Comments (2) Trackbacks (0)
  1. Hi Quinxy, I’ve been re-reading your recent entry on Jondonym running within VMware–it’s one of the simpler, more clearly written posts I’ve perused on the Web on the general subject matter, so kudos for that. I’m not a techie at all, so most of what’s written out there re: VMs and live CDs kind of makes my head spin; every time I think I know what I have to do next, I read a post from someone who’s freaking out about a boot gone wrong, which does not inspire confidence 😐 In a nutshell, will the Jondonym live CD run smoothly within the recent version of Parallels on a Macbook? I love my Macbook, I don’t want to screw it up. Sam

  2. Thanks Sam.

    Having no experience using Parallels, and certainly no experience with running the JonDo Live CD within Parallels, I can’t speak to any specifics about it. That said, unless I’m missing something, I can’t see how a VM running inside Parallels could possibly screw up your Macbook. Out of curiosity I just jumped over to the Parallels website and watched their demo video and it certainly looks just as I’d expect, like a host program for running one or more VMs inside OSX (just like VMware). The brilliance of the VM approach is that (unless you want things otherwise) nothing that occurs inside the VM can touch/harm the host computer. You could execute the nastiest virus in the world and your host computer would be fine (assuming there aren’t any bugs in the VM host that the virus targets, assuming you have a firewall blocking network access between the guest OS and the host (in case it’s a worm), and it could issue commands to format the HD and all it would be formatting was the guest OS’s virtual hard drive. Now I’m not sure what post you read, or what it was talking about, but I’ve got to believe whatever he’s talking about either relates to a boot problem of the virtual machine, an unusual bug in Parallels that has nothing to do with any particular virtual machine he might have run, or it’s unrelated to Parallels at all and he just thinks it is.

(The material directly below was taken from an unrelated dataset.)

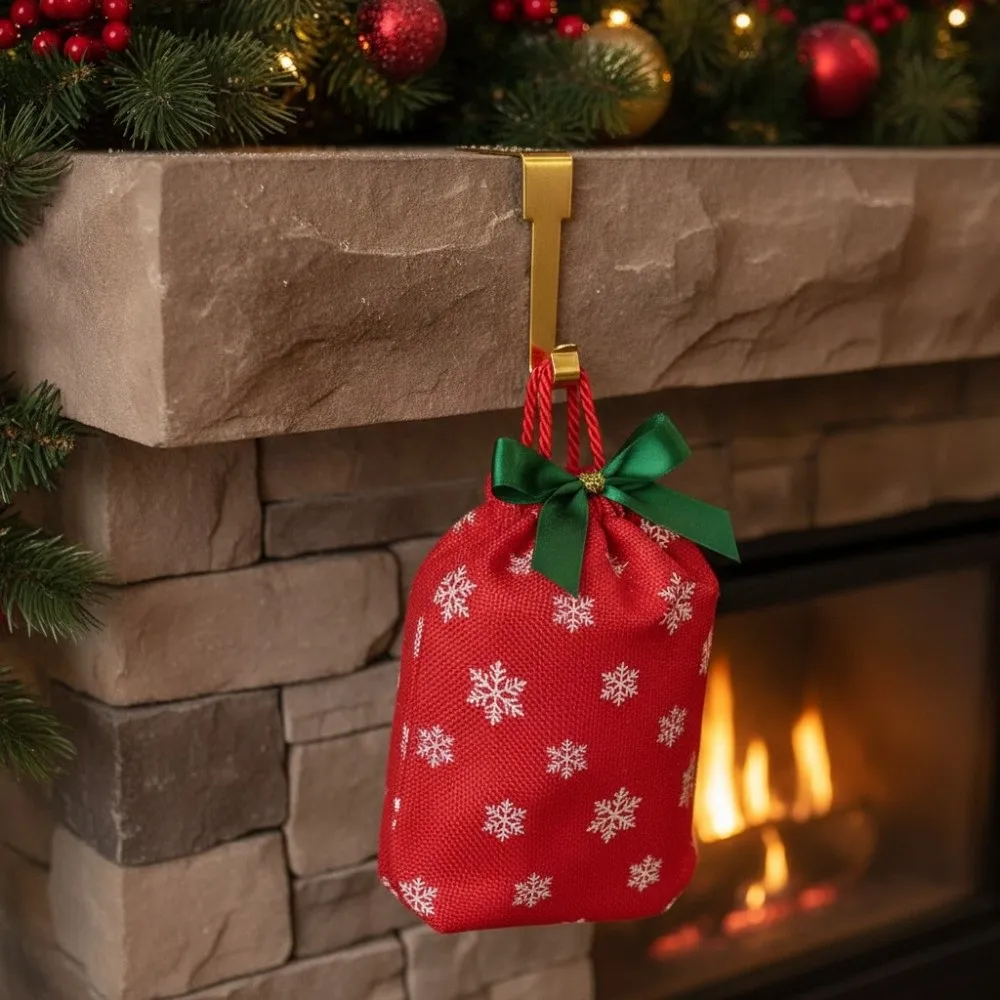4 Pcs Metal Christmas Stocking Hooks Silicone Non-slip Mat Good Load-bearing Mantelpiece Right-Angle Hook Sturdy Reusable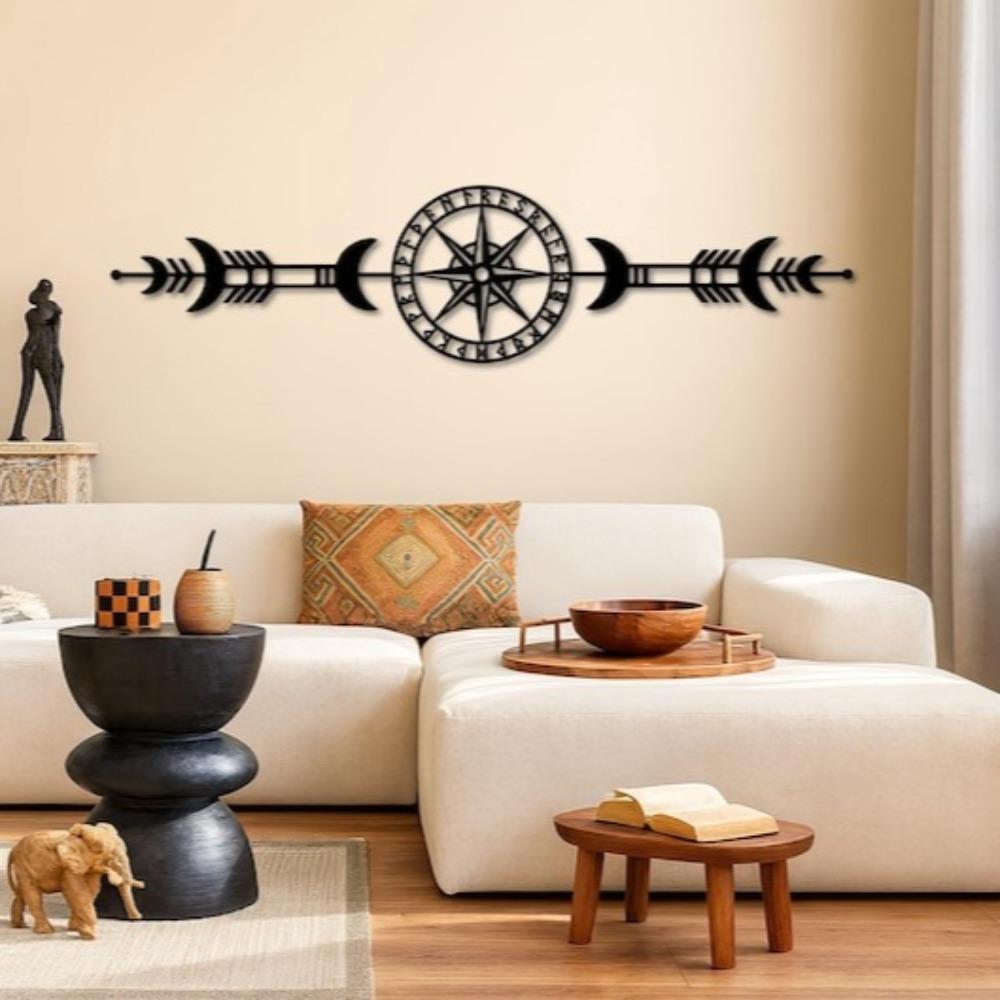 Vegvisir Compass Metal Wall Art Norse Viking Rune Decor Wayfinder Gift for Him Adventure Home Office Decoration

    My only concern would be if you truly are very unsure about what you’re doing, and what Parallels is and how to use it, then you could find yourself a little confused by what might go wrong, or might have trouble translating my VMware-specific instructions into their equivalent Parallels steps. I think that willingness to try is a beautiful thing, and the pain and frustration of our ignorance is part of the excitement. But, it can also cause a world of frustration and lost hours. If you do try and do run into some trouble I’ll be happy to give you whatever advice I can offer, but again, I’m rarely a Mac user, and know nothing about Parallels.